▶ _Exercise prompt_
For each line in the data below, write an exact copy.

▶ _Source data_

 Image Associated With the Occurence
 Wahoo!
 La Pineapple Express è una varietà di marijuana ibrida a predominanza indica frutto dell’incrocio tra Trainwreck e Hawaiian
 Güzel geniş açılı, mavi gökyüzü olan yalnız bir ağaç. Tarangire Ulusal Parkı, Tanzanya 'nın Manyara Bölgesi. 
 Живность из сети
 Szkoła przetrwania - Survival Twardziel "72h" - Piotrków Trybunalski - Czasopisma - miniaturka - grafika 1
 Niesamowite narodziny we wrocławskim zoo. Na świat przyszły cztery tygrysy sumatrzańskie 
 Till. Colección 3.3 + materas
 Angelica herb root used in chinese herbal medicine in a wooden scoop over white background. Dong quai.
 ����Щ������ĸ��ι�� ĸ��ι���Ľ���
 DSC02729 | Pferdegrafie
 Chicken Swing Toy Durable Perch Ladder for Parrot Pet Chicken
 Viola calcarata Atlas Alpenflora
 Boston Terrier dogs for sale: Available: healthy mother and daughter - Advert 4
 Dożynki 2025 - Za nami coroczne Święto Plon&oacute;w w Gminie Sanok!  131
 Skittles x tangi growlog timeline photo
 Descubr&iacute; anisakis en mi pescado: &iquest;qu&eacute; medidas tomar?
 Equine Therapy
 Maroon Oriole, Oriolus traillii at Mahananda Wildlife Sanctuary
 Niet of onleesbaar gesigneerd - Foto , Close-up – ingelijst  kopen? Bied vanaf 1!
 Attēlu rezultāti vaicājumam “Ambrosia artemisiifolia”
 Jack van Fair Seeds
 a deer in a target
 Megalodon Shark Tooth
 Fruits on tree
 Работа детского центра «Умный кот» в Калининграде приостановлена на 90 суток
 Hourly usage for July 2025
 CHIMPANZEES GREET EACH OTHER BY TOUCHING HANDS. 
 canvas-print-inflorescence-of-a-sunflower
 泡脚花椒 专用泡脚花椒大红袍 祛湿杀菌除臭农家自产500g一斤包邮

▶ _Exercise solution_
 Image Associated With the Occurence
 Wahoo!
 La Pineapple Express è una varietà di marijuana ibrida a predominanza indica frutto dell’incrocio tra Trainwreck e Hawaiian
 Güzel geniş açılı, mavi gökyüzü olan yalnız bir ağaç. Tarangire Ulusal Parkı, Tanzanya 'nın Manyara Bölgesi. 
 Живность из сети
 Szkoła przetrwania - Survival Twardziel "72h" - Piotrków Trybunalski - Czasopisma - miniaturka - grafika 1
 Niesamowite narodziny we wrocławskim zoo. Na świat przyszły cztery tygrysy sumatrzańskie 
 Till. Colección 3.3 + materas
 Angelica herb root used in chinese herbal medicine in a wooden scoop over white background. Dong quai.
 ����Щ������ĸ��ι�� ĸ��ι���Ľ���
 DSC02729 | Pferdegrafie
 Chicken Swing Toy Durable Perch Ladder for Parrot Pet Chicken
 Viola calcarata Atlas Alpenflora
 Boston Terrier dogs for sale: Available: healthy mother and daughter - Advert 4
 Dożynki 2025 - Za nami coroczne Święto Plon&oacute;w w Gminie Sanok!  131
 Skittles x tangi growlog timeline photo
 Descubr&iacute; anisakis en mi pescado: &iquest;qu&eacute; medidas tomar?
 Equine Therapy
 Maroon Oriole, Oriolus traillii at Mahananda Wildlife Sanctuary
 Niet of onleesbaar gesigneerd - Foto , Close-up – ingelijst  kopen? Bied vanaf 1!
 Attēlu rezultāti vaicājumam “Ambrosia artemisiifolia”
 Jack van Fair Seeds
 a deer in a target
 Megalodon Shark Tooth
 Fruits on tree
 Работа детского центра «Умный кот» в Калининграде приостановлена на 90 суток
 Hourly usage for July 2025
 CHIMPANZEES GREET EACH OTHER BY TOUCHING HANDS. 
 canvas-print-inflorescence-of-a-sunflower
 泡脚花椒 专用泡脚花椒大红袍 祛湿杀菌除臭农家自产500g一斤包邮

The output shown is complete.